| Exercise aim |
Once the line containing "Lamont, educators mark" is found in the data below, repeat it and every later line exactly, leaving the pictures out.
(Given information)
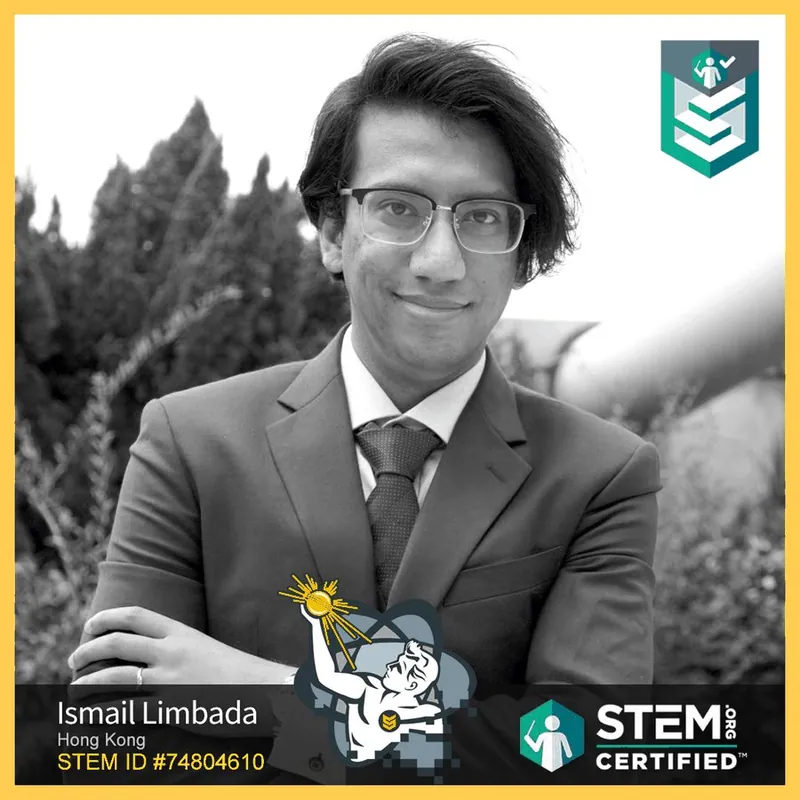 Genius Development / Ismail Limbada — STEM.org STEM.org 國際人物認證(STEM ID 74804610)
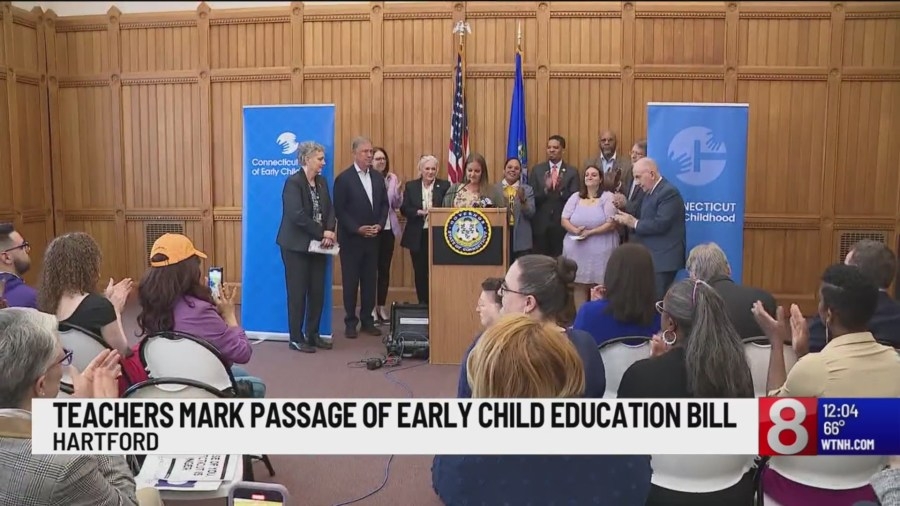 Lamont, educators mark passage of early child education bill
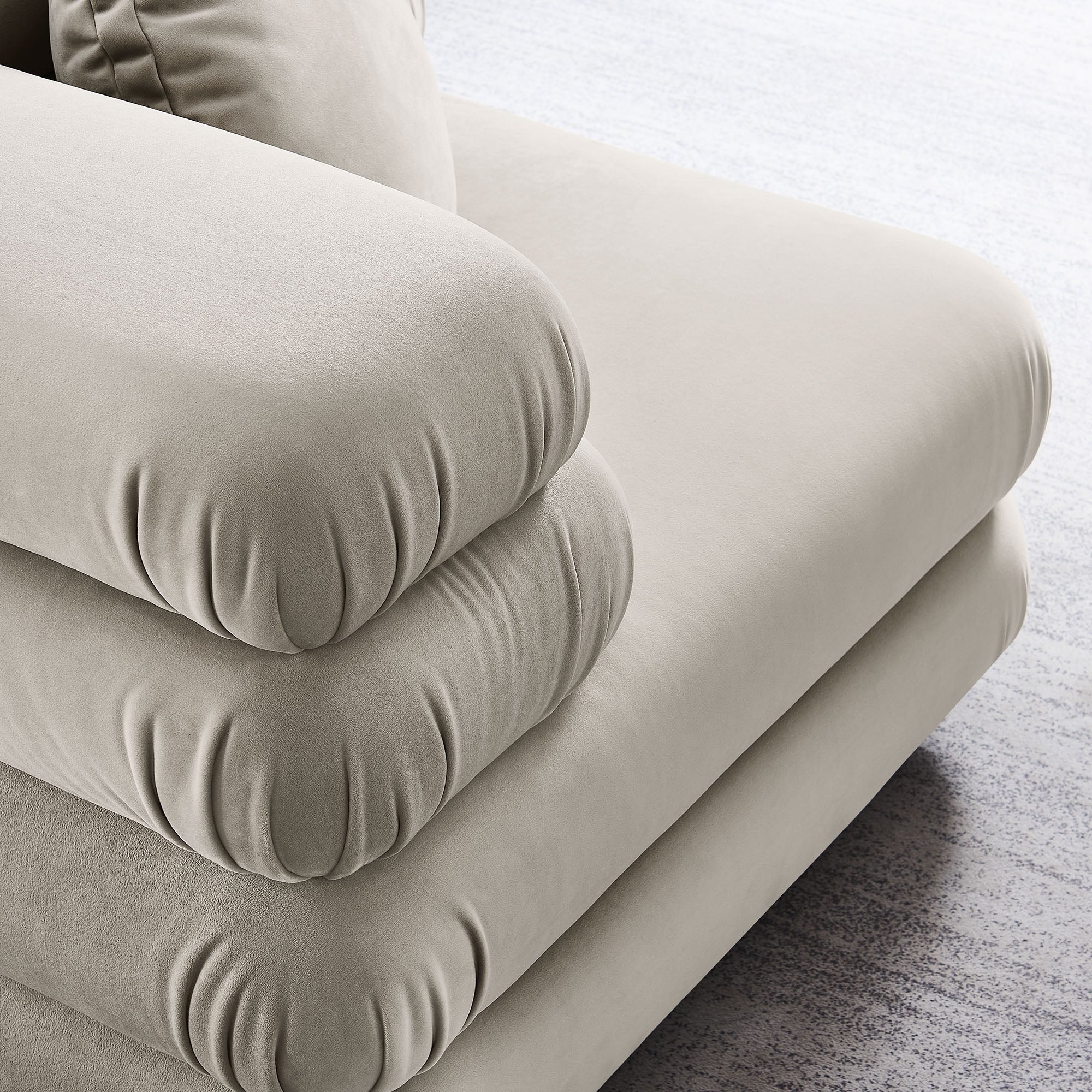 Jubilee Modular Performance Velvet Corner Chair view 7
(End Given information)
| Answer to the exercise |
 Lamont, educators mark passage of early child education bill
 Jubilee Modular Performance Velvet Corner Chair view 7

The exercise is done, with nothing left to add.